Inspired by the music of enduring rock band Lynyrd Skynyrd (that’s pronounced ‘Lĕh-’nérd ‘Skin-’nérd for the unfamiliar), L’Oiseau Libre is a whirlwind odyssey for violin and piano that takes its name, and a good part of its thematic material, from the band’s most popular power ballad, Free Bird.
Beginning with a jagged line in the upper registers of the piano, the piece quickly introduces the violin in energetic fashion, bowing and plucking through a flurry of accented notes and triplets in constantly shifting meters. L’Oiseau Libre immediately pulsates with a sense of thumping momentum that carries through the entire composition, even as the rhythm, tempo, and dynamics fluctuate in a manner that seems to suspend time and space.

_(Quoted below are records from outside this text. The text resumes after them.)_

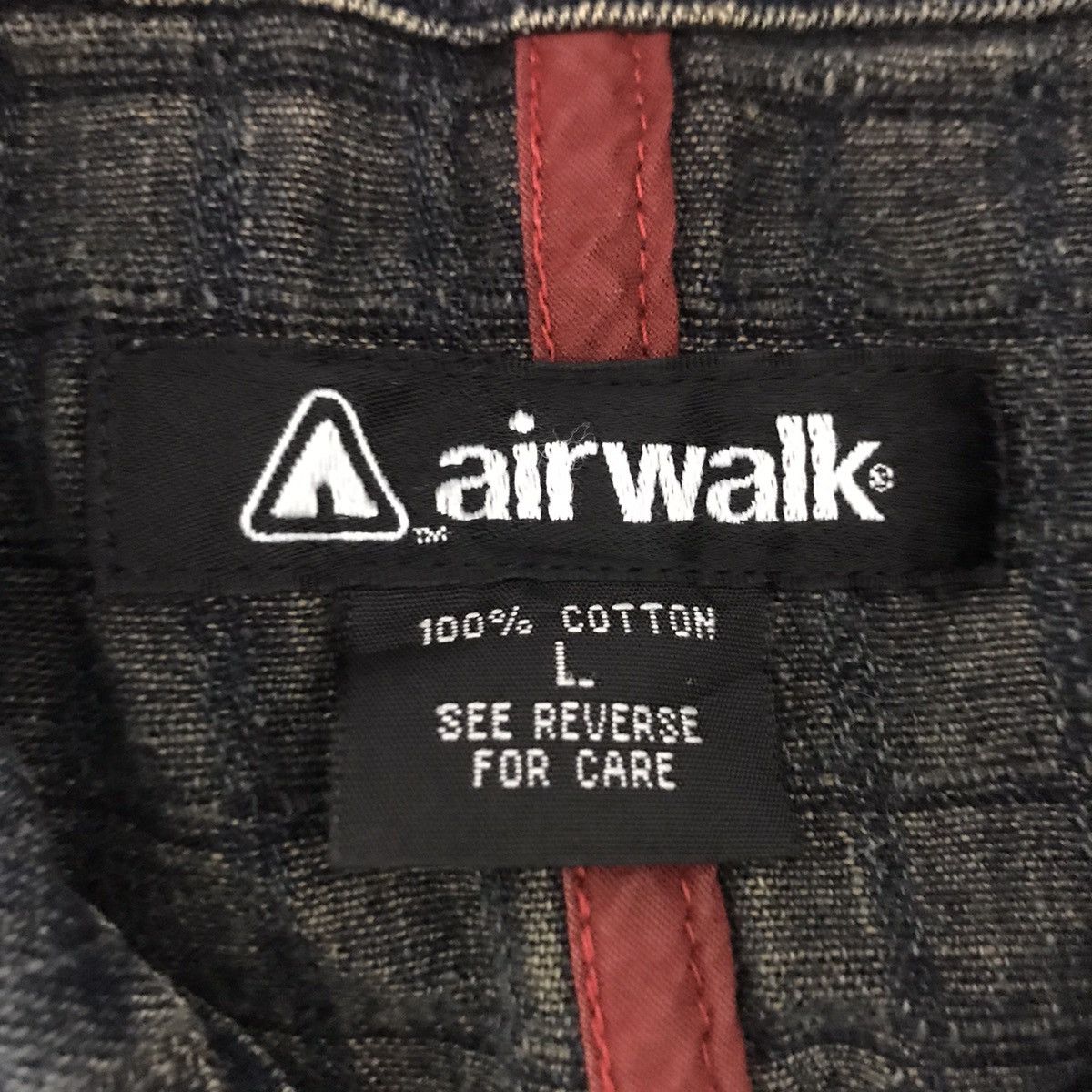Airwalk AIRWALK Indigo Skateboard Japanese Brand Jeans Denim Jacket Size US L / EU 52-54 / 3 - 5 Thumbnail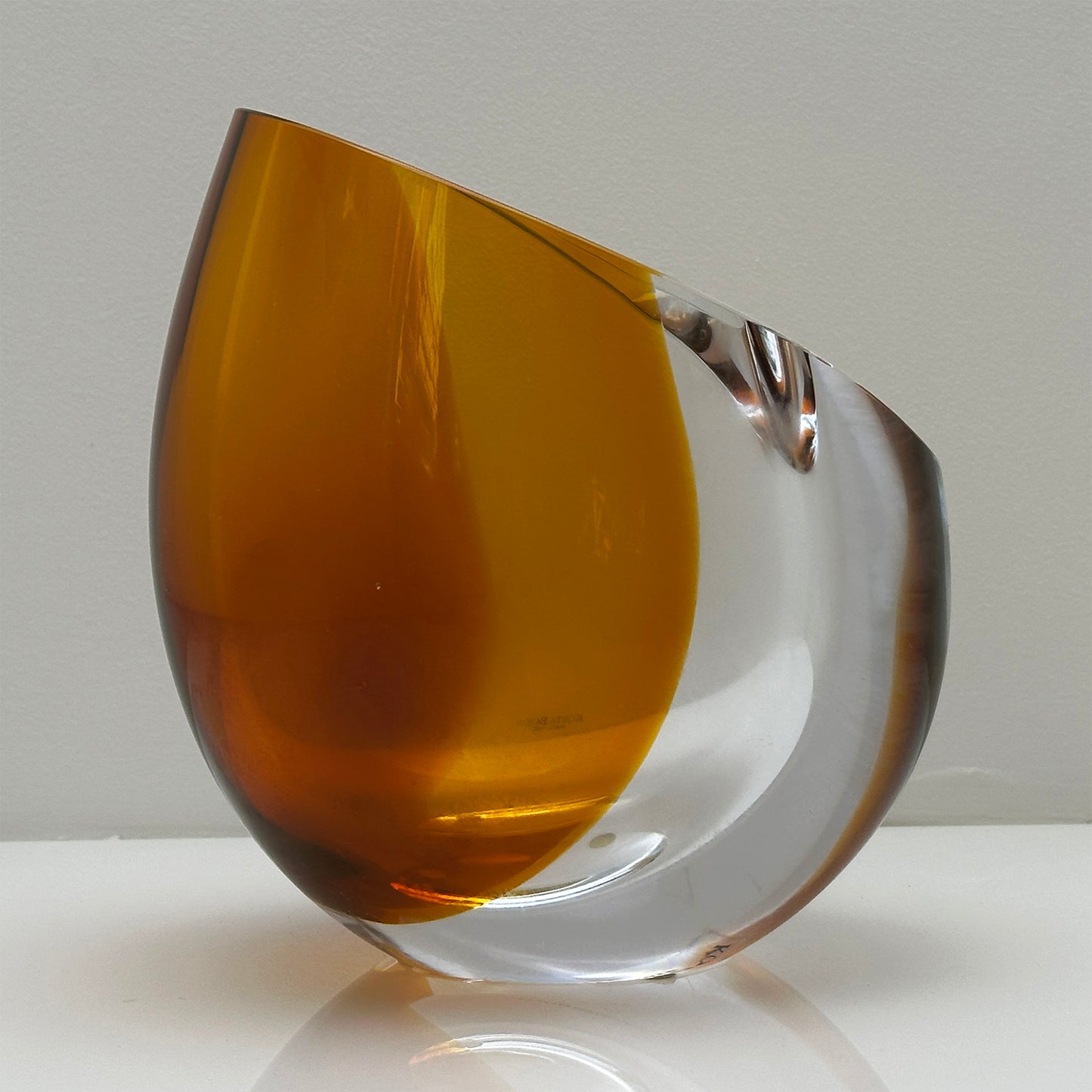 Mirage Vase by Göran Wärff for Kosta Boda. A masterpiece of Scandinavian glass design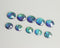 20pcs  10mm 12mm Faux Druzy Resin Cabochons, Real blue Glitter Resin Cabochons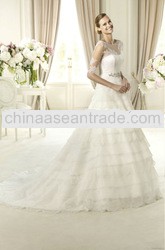 long sleeve lace wedding dress pattens XK-0121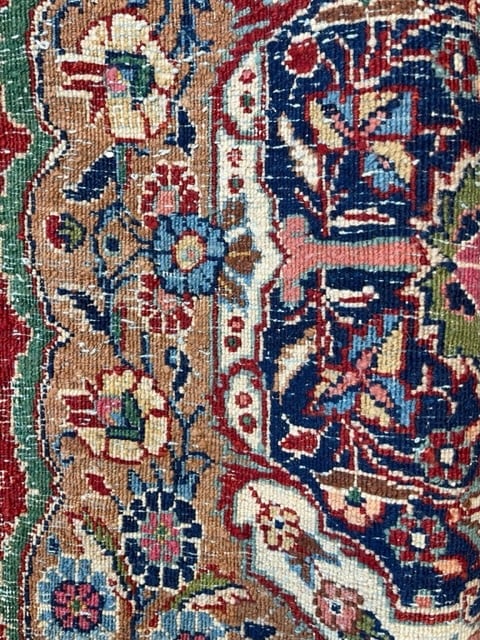 Antique Persian large size Kazvin Rug-2659 - 14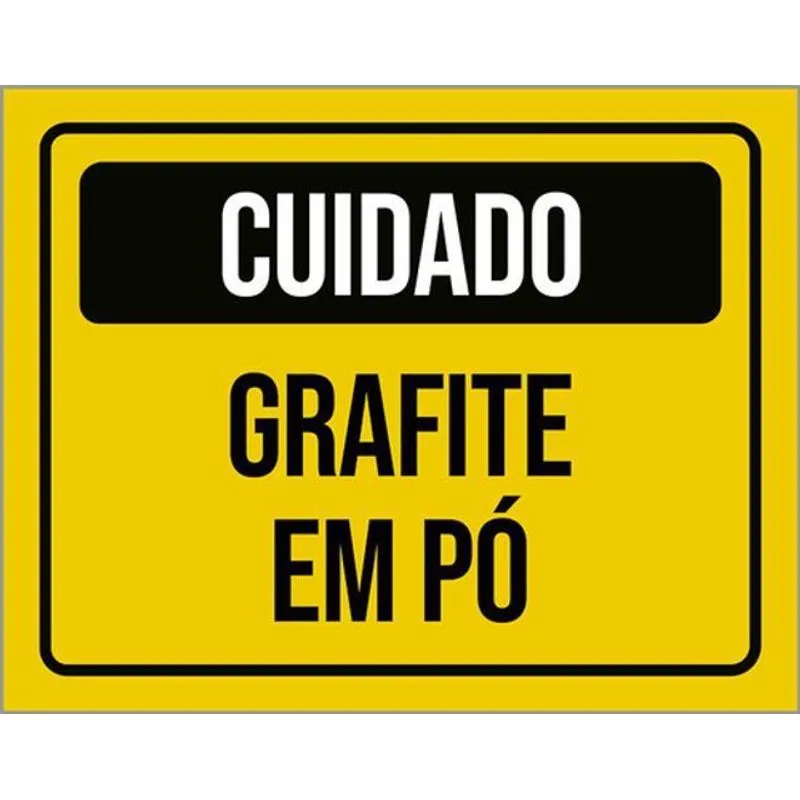 Kit 10 Placas Cuidado Grafite Em Pó Amarela 36x46
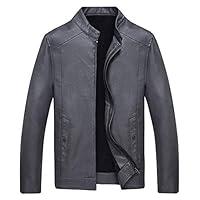 Algopix Similar Product 12 - Easytoy Mens Winter Leather Jacket Slim
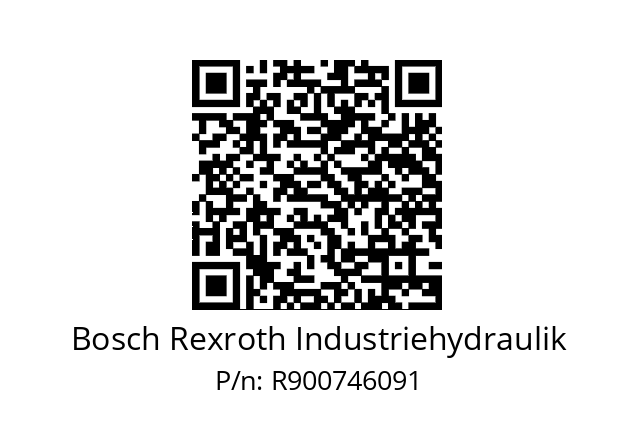   Bosch Rexroth Industriehydraulik R900746091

It is the perpetually changing nature of L’Oiseau Libre that makes for such engaging listening. Rosen explores the many possibilities of the instruments, particularly the violin. He writes both fragmented and lyrical passages, alternating between plucked patterns and legato motions on the turn of a dime. One can sometimes imagine a guitar and drum set in the background, though the unconventional harmonies of the piece remind us we’re still in the concert hall.
Rosen hints tantalizingly at the Free Bird material early in the piece, quoting a bar here and there but not playing his hand too soon. An obvious highlight of the work occurs between measures 70-78, when the refrain from Free Bird is heard for the first time in its recognizable entirety, accompanied by the piano playing a parody of rock power chords. It’s a satisfying moment that proves a little thematic development can go a long way.
It’s interesting that an entry adapted from pre-existing music displays more personality than many of the completely original compositions submitted in this competition. You can feel the love in Rosen’s deft handling of the Lynyrd Skynyrd material, and imagine the fun that must have come from reimagining a collection of classic rock tunes.
The fruit of Rosen’s labors is a truly exciting piece that transcends the boundaries of rock music while staying respectfully close to standard tonality. This isn’t your grandparents’ rock and roll or their classical, either–L’Oiseau Libre is modern and memorable concert hall fun, and that’s not the kind of praise you can award much these days.